Collected data entries
______________________________

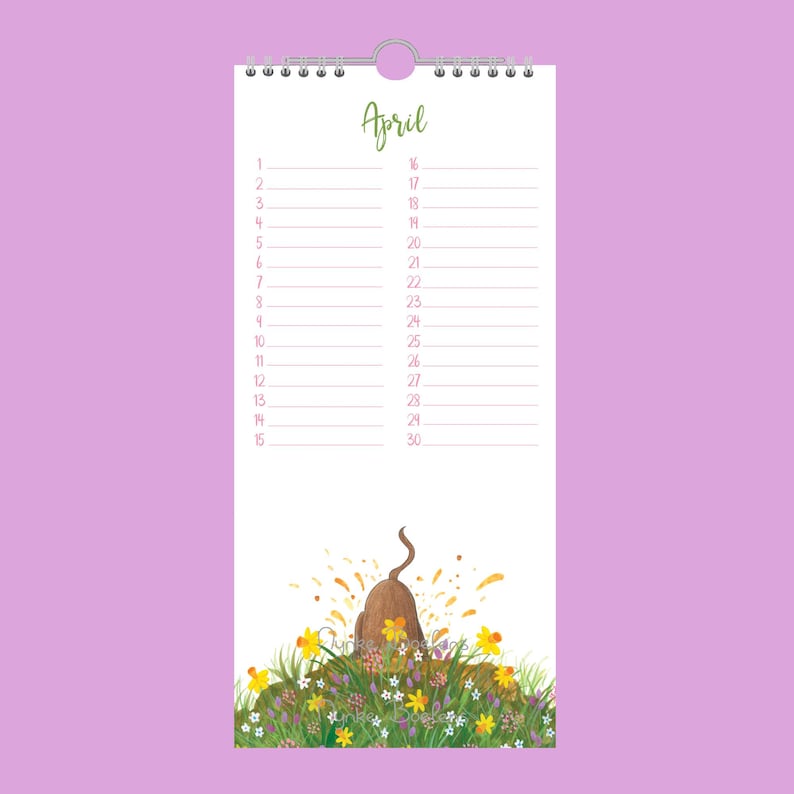 May include: A wall calendar for April, with a spiral binding. It features a cartoon mole in a grassy mound with daffodils and wildflowers. The word "April" is written in green script.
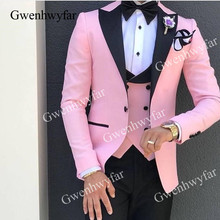 Gwenhwypressão ternos masculinos de casamento, novo design de homem, noivo ou baile, preto, lapela alta, rosa, 2018 2024 - compre barato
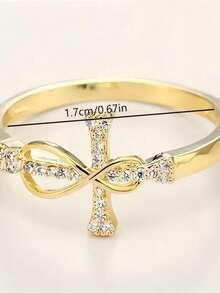 Silver Plated Cubic Zirconia Stackable Rings Set, Twisted/Leaf/Infinity Open Band Rings, Elegant Minimalist Jewelry For Women, Daily & Party Wear - Möbius/Cross YR0837 - View 7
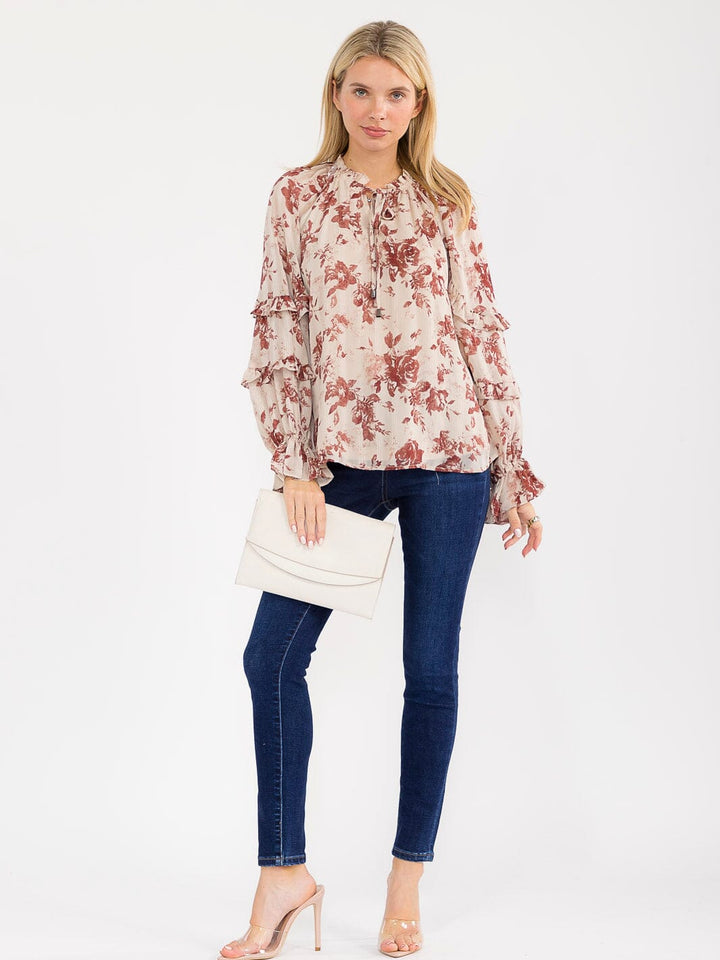 WOMEN'S LONG SLEEVE V-NECK RUFFLE FLORAL PRINT SHIMMER BLOUSE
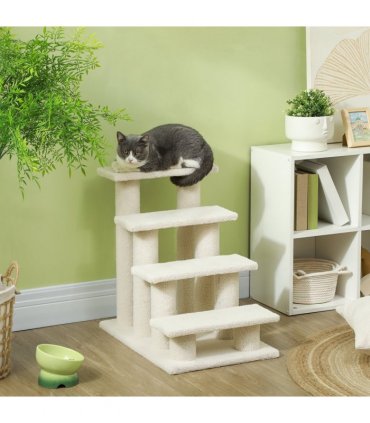 Pet Ramp Stairs 4 Steps Cat Tree Ladder Safety Steps Climbing Frame Brown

______________________________

For this exercise, reproduce the data above exactly from the line containing "Silver Plated Cubic" through its final line, both ends included, with no pictures in the copy.

_RESPONSE BOX_:
 Silver Plated Cubic Zirconia Stackable Rings Set, Twisted/Leaf/Infinity Open Band Rings, Elegant Minimalist Jewelry For Women, Daily & Party Wear - Möbius/Cross YR0837 - View 7
 WOMEN'S LONG SLEEVE V-NECK RUFFLE FLORAL PRINT SHIMMER BLOUSE
 Pet Ramp Stairs 4 Steps Cat Tree Ladder Safety Steps Climbing Frame Brown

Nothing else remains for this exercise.